Take the lines below between the one holding "Pu&ograve; includere: Una" and the one holding "A woman with", inclusive, and copy them exactly. Add nothing.

Excerpts from a dataset
--- START ---

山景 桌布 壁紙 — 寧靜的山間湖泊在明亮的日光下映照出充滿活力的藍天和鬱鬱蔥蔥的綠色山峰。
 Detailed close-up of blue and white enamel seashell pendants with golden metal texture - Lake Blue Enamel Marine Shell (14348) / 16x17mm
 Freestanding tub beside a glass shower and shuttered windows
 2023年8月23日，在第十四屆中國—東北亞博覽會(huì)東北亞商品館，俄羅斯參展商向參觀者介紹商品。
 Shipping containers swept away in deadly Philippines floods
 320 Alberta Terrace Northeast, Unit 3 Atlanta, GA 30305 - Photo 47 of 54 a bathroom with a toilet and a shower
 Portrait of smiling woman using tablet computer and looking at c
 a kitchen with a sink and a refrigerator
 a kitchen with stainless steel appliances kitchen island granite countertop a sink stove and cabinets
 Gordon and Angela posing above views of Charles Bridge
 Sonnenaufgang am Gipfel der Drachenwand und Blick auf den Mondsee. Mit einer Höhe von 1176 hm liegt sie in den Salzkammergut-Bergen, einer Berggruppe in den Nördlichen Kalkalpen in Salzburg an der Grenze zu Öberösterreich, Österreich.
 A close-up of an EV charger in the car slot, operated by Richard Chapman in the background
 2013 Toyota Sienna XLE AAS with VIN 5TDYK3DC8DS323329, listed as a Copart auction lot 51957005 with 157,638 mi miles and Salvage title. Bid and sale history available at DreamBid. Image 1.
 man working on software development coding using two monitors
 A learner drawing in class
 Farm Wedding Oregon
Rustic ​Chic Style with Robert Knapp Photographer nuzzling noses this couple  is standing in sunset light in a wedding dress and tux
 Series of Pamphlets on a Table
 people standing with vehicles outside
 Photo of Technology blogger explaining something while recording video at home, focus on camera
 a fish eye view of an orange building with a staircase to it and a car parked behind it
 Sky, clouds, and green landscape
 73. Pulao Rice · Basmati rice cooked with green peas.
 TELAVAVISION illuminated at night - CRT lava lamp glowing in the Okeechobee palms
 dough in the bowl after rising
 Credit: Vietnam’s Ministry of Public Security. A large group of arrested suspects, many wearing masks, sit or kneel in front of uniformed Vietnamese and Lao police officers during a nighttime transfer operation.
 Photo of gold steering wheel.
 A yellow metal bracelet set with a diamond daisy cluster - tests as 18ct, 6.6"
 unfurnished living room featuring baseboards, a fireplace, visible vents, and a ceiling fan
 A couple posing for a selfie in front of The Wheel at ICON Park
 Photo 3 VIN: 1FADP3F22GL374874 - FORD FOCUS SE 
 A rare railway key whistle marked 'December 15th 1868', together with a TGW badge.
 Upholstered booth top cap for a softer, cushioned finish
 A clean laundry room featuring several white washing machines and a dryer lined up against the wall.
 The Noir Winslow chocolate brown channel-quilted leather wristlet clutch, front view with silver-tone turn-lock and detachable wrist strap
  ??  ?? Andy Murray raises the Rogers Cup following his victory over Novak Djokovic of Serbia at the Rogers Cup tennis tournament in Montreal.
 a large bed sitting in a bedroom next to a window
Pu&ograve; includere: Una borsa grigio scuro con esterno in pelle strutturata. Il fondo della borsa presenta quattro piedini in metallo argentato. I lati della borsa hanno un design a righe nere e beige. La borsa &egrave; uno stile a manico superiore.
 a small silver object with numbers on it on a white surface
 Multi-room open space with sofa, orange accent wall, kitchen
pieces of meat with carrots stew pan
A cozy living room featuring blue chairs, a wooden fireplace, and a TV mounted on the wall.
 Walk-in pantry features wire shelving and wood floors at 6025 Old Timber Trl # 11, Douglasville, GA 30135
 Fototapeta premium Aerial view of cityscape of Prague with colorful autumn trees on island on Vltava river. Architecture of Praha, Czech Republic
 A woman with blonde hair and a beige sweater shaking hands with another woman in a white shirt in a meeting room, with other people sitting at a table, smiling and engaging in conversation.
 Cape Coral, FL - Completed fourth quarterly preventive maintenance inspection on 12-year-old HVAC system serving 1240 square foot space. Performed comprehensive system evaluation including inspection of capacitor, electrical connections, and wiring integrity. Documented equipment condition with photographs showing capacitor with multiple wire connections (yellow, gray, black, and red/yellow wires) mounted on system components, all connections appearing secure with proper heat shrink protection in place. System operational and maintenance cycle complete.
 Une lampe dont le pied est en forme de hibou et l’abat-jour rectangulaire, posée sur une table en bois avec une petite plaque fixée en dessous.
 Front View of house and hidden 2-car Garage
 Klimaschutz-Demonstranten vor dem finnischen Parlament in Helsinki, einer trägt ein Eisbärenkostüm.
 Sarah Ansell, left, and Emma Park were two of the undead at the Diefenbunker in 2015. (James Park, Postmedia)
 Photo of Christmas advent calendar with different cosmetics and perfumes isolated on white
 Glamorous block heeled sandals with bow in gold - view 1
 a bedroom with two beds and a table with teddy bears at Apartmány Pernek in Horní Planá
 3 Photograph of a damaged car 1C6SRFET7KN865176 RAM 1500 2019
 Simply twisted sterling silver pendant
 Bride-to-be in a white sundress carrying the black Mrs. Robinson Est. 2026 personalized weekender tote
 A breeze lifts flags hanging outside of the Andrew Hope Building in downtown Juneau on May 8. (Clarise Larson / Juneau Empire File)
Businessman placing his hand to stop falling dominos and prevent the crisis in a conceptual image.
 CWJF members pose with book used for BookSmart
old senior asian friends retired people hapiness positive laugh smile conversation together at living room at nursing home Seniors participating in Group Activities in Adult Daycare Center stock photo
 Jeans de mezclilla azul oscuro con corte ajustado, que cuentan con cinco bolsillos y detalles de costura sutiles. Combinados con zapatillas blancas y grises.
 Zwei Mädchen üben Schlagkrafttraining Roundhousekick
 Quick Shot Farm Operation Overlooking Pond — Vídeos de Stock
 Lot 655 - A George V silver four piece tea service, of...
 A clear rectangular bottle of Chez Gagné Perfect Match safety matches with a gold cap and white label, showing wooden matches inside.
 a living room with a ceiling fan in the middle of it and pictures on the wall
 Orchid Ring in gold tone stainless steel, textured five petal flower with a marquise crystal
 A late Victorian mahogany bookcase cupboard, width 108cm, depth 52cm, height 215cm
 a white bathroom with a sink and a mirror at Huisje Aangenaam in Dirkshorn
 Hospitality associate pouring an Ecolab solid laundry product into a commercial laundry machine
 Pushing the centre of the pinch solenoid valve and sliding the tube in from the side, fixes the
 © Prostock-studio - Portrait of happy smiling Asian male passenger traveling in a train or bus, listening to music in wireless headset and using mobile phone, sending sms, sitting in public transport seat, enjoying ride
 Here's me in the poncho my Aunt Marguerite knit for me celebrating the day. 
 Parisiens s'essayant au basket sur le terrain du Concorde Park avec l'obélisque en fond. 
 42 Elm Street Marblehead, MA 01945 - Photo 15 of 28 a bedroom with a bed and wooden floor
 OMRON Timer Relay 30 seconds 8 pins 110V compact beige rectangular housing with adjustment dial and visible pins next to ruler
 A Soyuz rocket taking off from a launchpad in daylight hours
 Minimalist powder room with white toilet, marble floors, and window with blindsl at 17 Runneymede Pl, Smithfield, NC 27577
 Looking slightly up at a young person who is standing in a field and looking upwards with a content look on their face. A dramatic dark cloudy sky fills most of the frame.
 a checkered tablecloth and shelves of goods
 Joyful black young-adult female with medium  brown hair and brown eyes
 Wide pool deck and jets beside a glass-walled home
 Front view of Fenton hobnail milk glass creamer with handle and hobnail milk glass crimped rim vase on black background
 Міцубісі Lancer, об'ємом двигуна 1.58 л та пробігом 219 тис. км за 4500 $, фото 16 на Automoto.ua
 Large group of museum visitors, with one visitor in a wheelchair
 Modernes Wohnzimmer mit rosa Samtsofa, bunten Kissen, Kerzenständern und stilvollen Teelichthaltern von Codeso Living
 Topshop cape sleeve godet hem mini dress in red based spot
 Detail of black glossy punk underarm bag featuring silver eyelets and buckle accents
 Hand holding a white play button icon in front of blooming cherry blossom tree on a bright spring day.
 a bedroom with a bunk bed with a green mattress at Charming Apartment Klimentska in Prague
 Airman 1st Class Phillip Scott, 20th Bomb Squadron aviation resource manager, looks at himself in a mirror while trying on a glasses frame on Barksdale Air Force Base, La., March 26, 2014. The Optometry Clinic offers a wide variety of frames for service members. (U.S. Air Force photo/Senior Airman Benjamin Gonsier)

--- END ---

PROBLEM SOLUTION:
Pu&ograve; includere: Una borsa grigio scuro con esterno in pelle strutturata. Il fondo della borsa presenta quattro piedini in metallo argentato. I lati della borsa hanno un design a righe nere e beige. La borsa &egrave; uno stile a manico superiore.
 a small silver object with numbers on it on a white surface
 Multi-room open space with sofa, orange accent wall, kitchen
pieces of meat with carrots stew pan
A cozy living room featuring blue chairs, a wooden fireplace, and a TV mounted on the wall.
 Walk-in pantry features wire shelving and wood floors at 6025 Old Timber Trl # 11, Douglasville, GA 30135
 Fototapeta premium Aerial view of cityscape of Prague with colorful autumn trees on island on Vltava river. Architecture of Praha, Czech Republic
 A woman with blonde hair and a beige sweater shaking hands with another woman in a white shirt in a meeting room, with other people sitting at a table, smiling and engaging in conversation.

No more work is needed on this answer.